Проснувшись, я долго лежал, не шевелясь, приходя в себя. Сердце поддавливало. Разноцветные обрывки только что увиденного и пережитого плавали перед глазами. И никак не проходило смутное чувство какой-то, детской что ли, обиды. Сделал усилие над собой и встал с постели. В голове шум. Слегка подташнивало. Всё утро ходил сам не свой, из рук всё падало. Пошёл в магазин, взял бутылку водки, вернулся домой, подогрел борщ. Ты же, Василий Андреевич знаешь, что я могу выпить и один, но без закуски никогда. Выпил, пожевал. Прошёл в комнату, полежал на диване, поворочался. Отлегло.

И еще один примерно такой же сон про старый клуб увидел я, когда мы уже доламывали фойе с крыльцом и подчищали территорию. Только в этот раз мне снился наш клуб, весь целёхонький и обновлённый. И у меня там, во сне, была какая-то радостная уверенность, что и я принял самое живое участие в его обновлении. На внешних простенках между окон фойе в пеналах красовались жёлтые, красные и синие флажки. Вдоль крыши крыльца растянуты праздничные транспаранты. Из раскрытых настежь дверей и окон льются бравурные марши. В парке рядом с клубом в белоснежных нарядах кусты яблонь и черёмух. Вижу счастливые лица, родные и незнакомые. А я молодой, в светлой нейлоновой сорочке и наглаженных брюках клёш иду к клубу по дощатому тротуару.

 Однако стоило мне подойти к крыльцу и приподнять носок начищенного до блеска туфля, чтобы поставить на ступень, как всё вдруг исчезло, и нога моя провались, увлекая и меня в чёрную пропасть. Я проснулся от того, что лежу, растелешась, на прикроватной половице, рядом скомканное сползшее одеяло, а коленка правой ноги болит от удара об пол. И опять я полдня бродил по дому чумной и не находил себе места. Хотя умом и понимал, что любимого прошлого не вернуть, да и сам клуб при сегодняшней жизни «купи-продай» вряд ли кому-то и нужен.

 Вот такой вот проявился барометр совести. Мне и сегодня неловко бывает, когда я оказываюсь на заросшем тополями пустыре на месте, где раньше стоял наш клуб. Что это, дядь Вася, как не та самая мистика?

– Заговорил ты меня, Евгений, своими рассказами, якорь те в рёбра! Мёд давно уже стёк и теперь ждёт не дождётся, когда мы его разольём, – Василий Андреевич сдвинул густые брови, с лукавинкой заглянул Женьке в глаза и кивнул в сторону двери, ведущей в сени. – Ничего не слышишь?

– Да нет, вроде всё тихо. Вот разве что пчёлки гудят и бьются снаружи в окошко. А так ничего.

– Ты прислушайся внимательней, Евгений, – старик вдруг стал серьёзным, как никогда прежде. – Вот ты называешь себя телепатом…

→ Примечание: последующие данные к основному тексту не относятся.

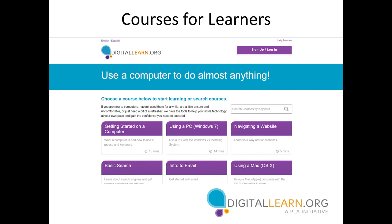That covers what Digital Learn is currently and what we're hoping to turn it into this year. Hopefully it meets some of your needs now and you'll be willing to work with PLA in the future to help develop your own customized site. Thank you Scott for sharing so much about what Digital Learn has to offer. We've had a lot of great questions come in. Just to clarify — is login required for users going into digitallearn.org as it is now?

– Дядь Вась, причём это сейчас?

– При том, что телепат ты не настоящий.

– С чего бы это?

– А с того, что медогонка сколь уж посылает нам свои сигналы: опорожните меня, облегчите, устала я держать в себе столь мёду, а вас всё нет и нет. Горе – пчеловоды!

– С тобой, дядь Вася, не соскучишься!

– А ты думал, что тебе одному дано читать чужие мысли? Ладно, пошли работать, а то глядишь, не только мне от бабки влетит. Тем паче, что для таких вот говорунов у Ориши за дверью и костыль припрятан, с вострым гвоздиком на конце.

 

 4.

Красные сентябрьские погожие деньки баловали посёлок. Люди успевали до дождей собрать с грядок остатние огурцы, помидоры, выдернуть свеклу, репчатый лук и морковку. Капусту по обычаю рубили по первому снегу. Так что ей еще с месяц наливаться сочностью и тугостью.

В один из таких солнечных дней, ближе к обеду – этого Женька себе и представить не мог, – приковыляла к нему на усадьбу в сопровождении девчушки с русыми косичками бабка Орина, опираясь одной рукой на плечо подростка, а другой – на свой кривой костыль.

– Доброго тебе, Евгений, здравия, – еще толком не отдышавшись, слабым голосом начала старушка. – Чтой-то ты к деду моему дорогу совсем забыл. Вот он меня и послал тебя проведать. У самого-то спина разболелась. Под лопаткой у него стружка осколочная еще с войны. Доктора, сказывал, так и не смогли выскоблить. Теперь вот к погоде, особливо весной да осенью болит. Работать не даёт.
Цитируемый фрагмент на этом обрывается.